Exercise description:
Extract, without alteration, each line from the start of the listing to the line bearing "Zoo Paslanmaz Çelik Termos 325 ml Narwhal".

Exercise inputs:
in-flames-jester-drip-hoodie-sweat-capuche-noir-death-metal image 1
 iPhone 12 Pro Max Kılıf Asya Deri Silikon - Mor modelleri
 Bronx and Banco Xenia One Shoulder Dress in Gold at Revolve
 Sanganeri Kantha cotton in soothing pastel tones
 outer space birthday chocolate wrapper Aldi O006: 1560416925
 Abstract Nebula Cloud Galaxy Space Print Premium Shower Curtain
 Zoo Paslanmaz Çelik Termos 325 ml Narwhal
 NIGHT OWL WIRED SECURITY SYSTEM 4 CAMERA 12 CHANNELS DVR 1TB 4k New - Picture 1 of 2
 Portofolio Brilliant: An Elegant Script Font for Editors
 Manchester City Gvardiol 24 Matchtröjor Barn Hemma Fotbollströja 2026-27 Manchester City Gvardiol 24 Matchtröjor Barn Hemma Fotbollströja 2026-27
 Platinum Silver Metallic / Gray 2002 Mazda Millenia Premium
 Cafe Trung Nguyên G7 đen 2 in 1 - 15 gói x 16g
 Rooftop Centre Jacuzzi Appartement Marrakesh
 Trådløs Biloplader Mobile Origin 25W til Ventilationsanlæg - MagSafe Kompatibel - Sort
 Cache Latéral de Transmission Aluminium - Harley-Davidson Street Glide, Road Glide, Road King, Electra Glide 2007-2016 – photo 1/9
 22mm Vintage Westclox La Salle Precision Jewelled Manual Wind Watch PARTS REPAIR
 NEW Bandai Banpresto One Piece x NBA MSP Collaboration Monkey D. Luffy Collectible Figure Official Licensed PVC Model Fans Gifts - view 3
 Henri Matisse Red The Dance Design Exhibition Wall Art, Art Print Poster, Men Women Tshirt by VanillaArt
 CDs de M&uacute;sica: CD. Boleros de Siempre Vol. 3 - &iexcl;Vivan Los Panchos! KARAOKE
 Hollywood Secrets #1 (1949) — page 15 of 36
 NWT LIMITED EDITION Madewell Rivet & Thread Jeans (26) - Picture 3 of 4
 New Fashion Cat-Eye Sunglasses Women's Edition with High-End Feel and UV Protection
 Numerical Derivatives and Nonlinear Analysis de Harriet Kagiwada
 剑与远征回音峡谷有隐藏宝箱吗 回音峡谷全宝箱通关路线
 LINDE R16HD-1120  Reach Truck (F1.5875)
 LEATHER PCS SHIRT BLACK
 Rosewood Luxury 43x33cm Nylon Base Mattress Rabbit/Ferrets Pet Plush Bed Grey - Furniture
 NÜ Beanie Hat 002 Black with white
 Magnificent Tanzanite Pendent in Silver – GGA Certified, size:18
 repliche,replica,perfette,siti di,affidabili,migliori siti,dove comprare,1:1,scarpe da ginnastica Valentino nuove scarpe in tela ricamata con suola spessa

Your response:
in-flames-jester-drip-hoodie-sweat-capuche-noir-death-metal image 1
 iPhone 12 Pro Max Kılıf Asya Deri Silikon - Mor modelleri
 Bronx and Banco Xenia One Shoulder Dress in Gold at Revolve
 Sanganeri Kantha cotton in soothing pastel tones
 outer space birthday chocolate wrapper Aldi O006: 1560416925
 Abstract Nebula Cloud Galaxy Space Print Premium Shower Curtain
 Zoo Paslanmaz Çelik Termos 325 ml Narwhal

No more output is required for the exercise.